Il y avait bien l'Astrée d'Honoré d'Urfé, ou Clélie, de Madame de Scudéry. Mais, en ce siècle des Lumières, le roman peinait encore à s'affirmer comme genre viable. Difficile aujourd'hui pour nous, qui en avons fait la chair primordiale de notre littérature, de l'envisager. C'est en défense de ce genre en lequel il perçoit une forte capacité potentielle à représenter l'Homme et sa morale que Diderot publie Jacques le Fataliste.
Sorte de conte philosophique qui suit les déambulations d'un maître et de son valet à travers champs, l'œuvre développe une mise en relief d'un certain nombre d'idées philosophiques, va à la rencontre de quelques Hommes, se penche sur leurs aventures en tachant d'en donner une estampe qui leur rende leur vie, et, de là, développe une réflexion artistique en décalage par rapport aux canons du temps. Mais où va l'intrigue ? Nul ne le sait, ni les personnages (Jacques, son maître et le narrateur), ni le lecteur – d'ailleurs, qui pourrait bien savoir où ils iraient, quand il peut plaire au Ciel d'abattre un déluge sur les deux voyageurs, ou à Jacques d'aller tâter de la solidité de son crâne contre un linteau qui manquerait de l'enfouir six pieds sous terre ?

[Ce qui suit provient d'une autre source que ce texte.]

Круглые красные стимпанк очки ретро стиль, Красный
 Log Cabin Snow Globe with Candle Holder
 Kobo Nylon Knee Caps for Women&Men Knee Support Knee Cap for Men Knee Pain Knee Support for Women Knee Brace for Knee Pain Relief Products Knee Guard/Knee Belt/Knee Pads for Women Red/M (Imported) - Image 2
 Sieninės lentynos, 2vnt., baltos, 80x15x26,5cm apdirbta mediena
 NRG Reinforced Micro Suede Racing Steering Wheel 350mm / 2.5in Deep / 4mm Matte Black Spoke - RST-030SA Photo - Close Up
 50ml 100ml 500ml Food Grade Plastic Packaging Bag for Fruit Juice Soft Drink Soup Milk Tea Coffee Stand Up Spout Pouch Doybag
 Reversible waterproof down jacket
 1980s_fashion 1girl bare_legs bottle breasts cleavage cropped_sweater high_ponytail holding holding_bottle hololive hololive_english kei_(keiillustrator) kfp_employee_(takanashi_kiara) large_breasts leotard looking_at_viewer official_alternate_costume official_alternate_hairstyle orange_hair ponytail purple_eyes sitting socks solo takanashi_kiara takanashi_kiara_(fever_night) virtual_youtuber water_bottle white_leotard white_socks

Et c'est tout le propos de Jacques le Fataliste. Sa structure en branches d'étoile, qui se projette dans le récit d'un passant, pour revenir aux amours de Jacques, et repartir vers un autre voyageur rencontré, suit ce qui se veut être la "réalité". Le narrateur la prône sans cesse : « Celui qui prendrait ce que j'écris pour la vérité serait peut-être moins dans l'erreur que celui qui le prendrait pour une fable. ». Et cela pour une cause : il récuse le vieux roman, « chimérique et frivole », celui de plusieurs milliers de pages, où les rebondissements s'enchaînent à qui mieux mieux, mais où rien d'imprévu ne peut arriver. Diderot arrête l'action au moment du pathétique, s'immisce dans le récit, émet quelques opinions, mais surtout, montre comment les choses auraient pu tourner autrement dans une histoire inventée pour ravir son lecteur – cette alternative qu'il envoie valdinguer avec la plus grande désinvolture, nous assénant plutôt une histoire inopinée, dont on se serait à l'évidence bien passé.
Jacques n'est pas un roman. Il en revêt par instants les codes, mais c'est pour mieux les brocarder. Aussi ses personnages ne sont-ils jamais que des pantins articulés que le philosophe manipule à l'envi pour mettre à l'épreuve sa thèse philosophique. Face au maître qui se conçoit comme libre, Jacques maintient, en de grands mots qu'il tient de son capitaine, que tout événement « est écrit là-haut, sur le grand rouleau », et refuse donc à l'Homme toute liberté. Comme dans Candide, l'idée est mise en face des faits, éprouvée dans des situations plus ahurissantes les unes que les autres, une, dix, puis trente fois. D'abord on en rit, et on en évalue la portée philosophique ; mais bien vite, on s'ennuie, on sait paradoxalement où Diderot va en venir : à bien peu de choses, et surtout à une fin leste et dégourdie, à l'image de l'impasse dans laquelle le fatalisme de Jacques ne cesse de tomber.
Il m'a semblé que l'œuvre avait, avant même que j'y goûte, perdu de beaucoup de sa saveur. La faute au nombre d'extraits choisis dans mes cours de littérature qui me l'avaient forgé, dans mon imaginaire, comme une sorte de Queneau du XVIIIè siècle ? Ou bien à de véritables longueurs que comporterait le livre ?
L'ombre du philosophe plâne partout : dans les conversations, on l'entend, ironique, jouant tous les rôles à la fois, et menant du bout de sa baguette ses personnages sur le plateau de son raisonnement. "La vérité", certes, mais une vérité sélectionnée pour éprouver une thèse donnée.
Pour autant, certaines histoires sont franchement drôles, et, par petites pointes, ouvrent vers des images fortes, et des interrogations intéressantes – ce que je n'avais pas trouvé dans Candide. L'histoire des premiers émois de Jacques tandis qu'il vivait auprès de Bigre son parrain et de Bigre son ami est une grosse farce, et brillamment écrite à l'image de l'Odyssée de Jacques et de son maître se filant dans des absurdités aussi poilantes que profondes. Des figures attachantes sont dépeintes avec vigueur, et quelques mots bien placés vous arracheront, c'est certain, un sourire.